Signs of hope in the Church

Cardinal Czerny underscored that Tuesday's celebration "is set in an ecclesial and national context full of political disenchantment and worrying signs around the world" but at the same time there are "signs of hope in the Church" such as the forthcoming beatification of Father Rutilio Grande, on 22 January 2022, along with Manuel Solórzano, and the young Nelson Lemus.

They were murdered together on 12 March 1977 between Aguilares and El Paisnal. The Cardinal also recalled the beatification of Father Cosme Spessotto, "a Franciscan Friar Minor, of Italian nationality, assassinated in 1980 in the church of San Juan Nonualco," where he had been a parish priest for 27 years.

Cardinal Czerny noted that the repression around Aguilares was so "brutal" that it prevented the possibility of any monument to his memory except in the years to come with the three wooden pieces found that the Cardinal saw when he went to pray in that place.

Friendship in the Lord

"The assassination of Rutilio Grande," Cardinal Czerny wrote, "was of fundamental importance to St. Oscar Arnulfo Romero, then archbishop of San Salvador, who spent much of the night vigil before Rutilio's corpse," as theirs was "a long friendship in the Lord".

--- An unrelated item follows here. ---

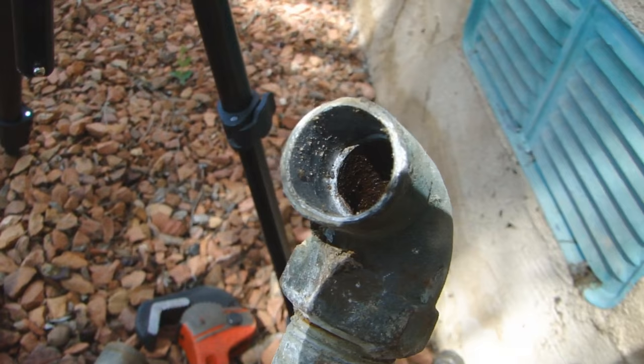Here's the inside of the piece that came off the elbow. I'm going to have to send this to my friend Rich and see what he thinks.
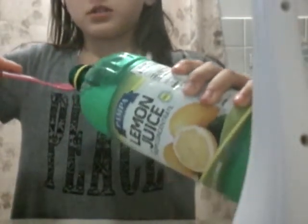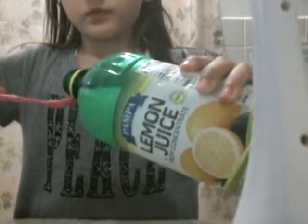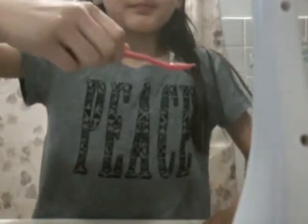I asked my dad if this was a teaspoon and he said yeah. So I'm gonna put a teaspoon of lemon juice in. By the way, the lemon juice doesn't make you fart. Then you're gonna add another teaspoon — so basically you're adding two teaspoons of lemon juice.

But his murder also shocked the martyrs being remembered today. "They were deeply moved by the events of Aguilares and some of them drew closer to the poor, more committed."

"Rutilio," said the Cardinal, "was an assiduous frequenter of the UCA university residence", had a "playful and endearing style" so much so that he affectionately called the Jesuits "the masters of Israel". 

The martyrdom of Rutilio Grande and Romero "confirmed our Jesuit brothers in the faith," said Cardinal Czerny. "Among the 53 Jesuit saints, 34 are martyrs, and among the 152 blessed, there are 145 martyrs. Then there are 10 'venerable' and 162 'servants of God', 116 of whom are martyrs."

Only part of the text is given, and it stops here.